◆ MATERIAL FOR THIS TASK ◆
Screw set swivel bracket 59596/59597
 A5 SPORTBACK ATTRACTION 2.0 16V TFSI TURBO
* * *
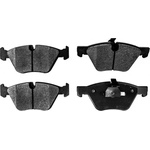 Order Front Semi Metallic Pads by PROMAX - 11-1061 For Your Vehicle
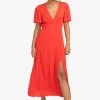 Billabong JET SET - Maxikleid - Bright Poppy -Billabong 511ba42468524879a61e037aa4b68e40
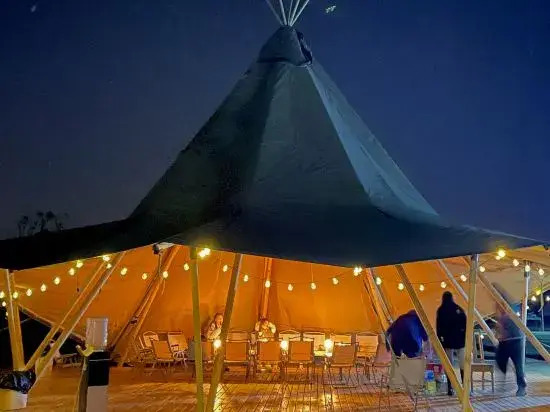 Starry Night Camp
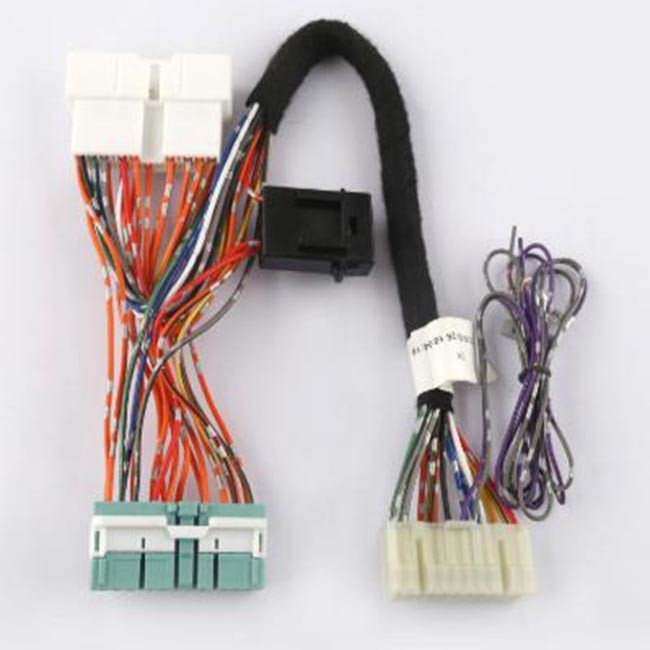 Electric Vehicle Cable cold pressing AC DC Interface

◆ WHAT TO DO ◆
All that should be written out is the stretch of lines above between the one holding "Screw set swivel bracket 59596/59597" and the one holding "A5 SPORTBACK ATTRACTION 2.0 16V TFSI TURBO", inclusive, exactly as given.

◆ RESPONSE TO THE TASK ◆
Screw set swivel bracket 59596/59597
 A5 SPORTBACK ATTRACTION 2.0 16V TFSI TURBO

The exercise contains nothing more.